The Endeca Content Acquisition System is a set of components that
add, configure, and crawl data sources for use in an Endeca application. Data
sources include file systems, content management systems, Web servers, and
custom data sources. The Endeca Content Acquisition System crawls data sources,
converts documents and files to Endeca records, and stores them for use in an
Forge pipeline.
The following image shows the Endeca Content Acquisition System
components as they work together in a typical implementation to crawl data
sources and produce Endeca records:

The Endeca Content Acquisition System is made up of the following
components:
- The Endeca CAS Service is a
servlet container that runs the CAS Server, the Component Instance Manager, and
any number of Record Store instances (one per data source).
- The CAS Server is the
component that manages all file system and CMS crawling operations. The CAS
Server is documented in the
Endeca CAS Developer's Guide.
- The CAS Console for Endeca
Workbench is a Web-based application used to crawl various data sources
including file systems and content management systems. During the Content
Acquisition System installation, the CAS Console is installed as an extension
to Endeca Workbench.

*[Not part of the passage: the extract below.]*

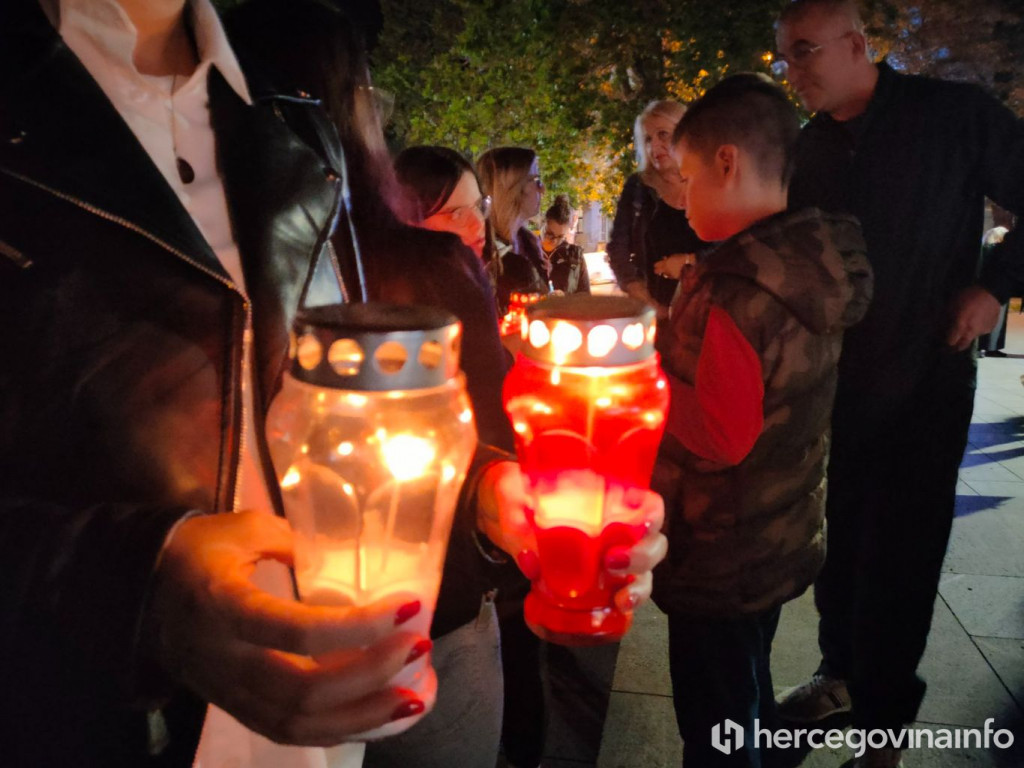 Paljenje svijeća za obitelj Krstić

The CAS Console is documented in the
Endeca CAS Console Help.
- The CAS Server API allows
users to write programs that communicate with the CAS Server. The CAS Server
API has a WSDL interface and also a CAS Server Command-line Utility. The API is
documented in the
Endeca CAS API Guide.
- The Dimension Value Id
Manager is a CAS component that creates, stores, and retrieves dimension value
identifiers.
- The Endeca Web Crawler
manages all Web crawl-related operations. This component is documented in the
Endeca Web Crawler Guide.
- Endeca CMS connectors are
available for use in the CAS Console for Endeca Workbench or the CAS Server
API. CMS connectors provide a means to access and crawl data sources in a wide
variety of CMS types, such as Documentum, eRoom, FileNet, JSR-170 compliant
repositories, Lotus Notes, Microsoft SharePoint, and Interwoven TeamSite.
- The Component Instance
Manager creates, lists, and deletes Record Store instances. The Component
Instance Manager has a WSDL interface and also a CIM Command-line Utility.
- The Endeca Record Store
provides persistent storage for generations of records. The Record Store has a
WSDL interface and also a Record Store Command-line Utility. The CAS Server
writes crawl output from each data source to a unique Record Store instance.
- The CAS Extension API
provides interfaces and classes to build extensions such as custom data sources
and custom manipulators. You package extensions into a plug-in and install it
into the Content Acquisition System. After you install the plug-in, the
extensions are available and configurable using the CAS Console, the CAS Server
API, and the CAS Server Command-line Utility.